There are limitations to this rule though. These limitations on copyright are known as the doctrine of “fair use”. According to the United States Copyright Office, the following applies to fair use copyright doctrine.
“Section 107 contains a list of the various purposes for which the reproduction of a particular work may be considered fair, such as criticism, comment, news reporting, teaching, scholarship, and research. Section 107 also sets out four factors to be considered in determining whether or not a particular use is fair.
- The purpose and character of the use, including whether such use is of commercial nature or is for nonprofit educational purposes
- The nature of the copyrighted work
- The amount and substantiality of the portion used in relation to the copyrighted work as a whole
- The effect of the use upon the potential market for, or value of, the copyrighted work
The distinction between what is fair use and what is infringement in a particular case will not always be clear or easily defined.
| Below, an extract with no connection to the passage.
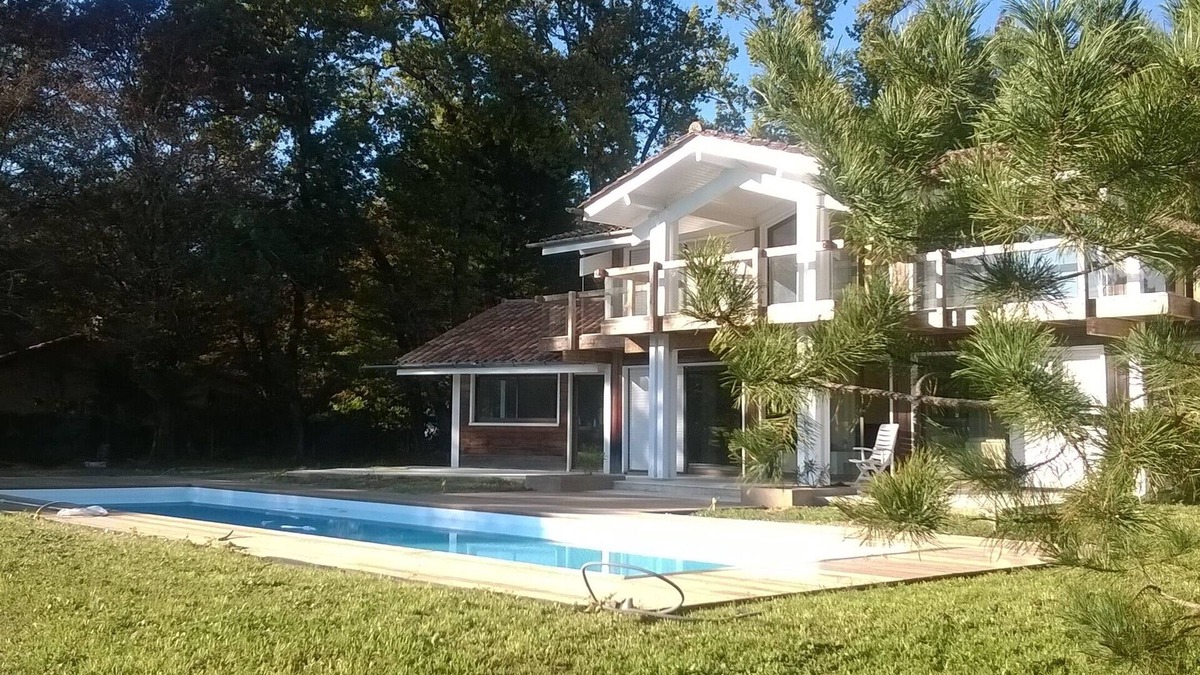 Saint-Sulpice-et-Cameyrac Villa | LUXURY VILLA WITH PRIVATE POOL IN A RESIDENTIAL PARK FACING THE GOLF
There is no specific number of words, lines, or notes that may safely be taken without permission. Acknowledging the source of the copyrighted material does not substitute for obtaining permission.”
The reason I’m writing about this now is to bring your attention to this post on Rebellious Pixels that describes the author’s struggle to get his content reinstated after a Digital Millennium Copyright Act (DMCA) complaint was filed against his YouTube video. The author of the Buffy Vs. Edward video claimed that there was no copyright violation because the clip was used under the “fair use” doctrine. Not being a lawyer, I cannot comment on the validity of that claim. However, I do know that eventually, after a tortuous process, YouTube reinstated the video and removed a copyright infringement strike from the author’s YouTube account.
If nothing else, reading the Rebellious Pixels post will give you a good idea of what is involved in defending against a DMCA complaint. Hopefully, none of us will ever find ourselves in this position but stranger things have happened. A copyright infringement can cost you the loss of your account along with all the hard work that you’ve put into growing and developing your network there. It can also cost you time and money.
None of us can stop unjustly filed DMCA complaints but we can make sure that all the content we use falls within copyright law so that at least we have a defense if there is a claim made against us. If in doubt, consider getting permission to use the content. I’m not judging the Rebellious Pixels blogger at all. It’s likely he did nothing wrong. Even this post uses a quotation taken directly from another website in the name of “fair use”. Nevertheless, I wouldn’t want to have to defend myself against a charge of copyright infringement.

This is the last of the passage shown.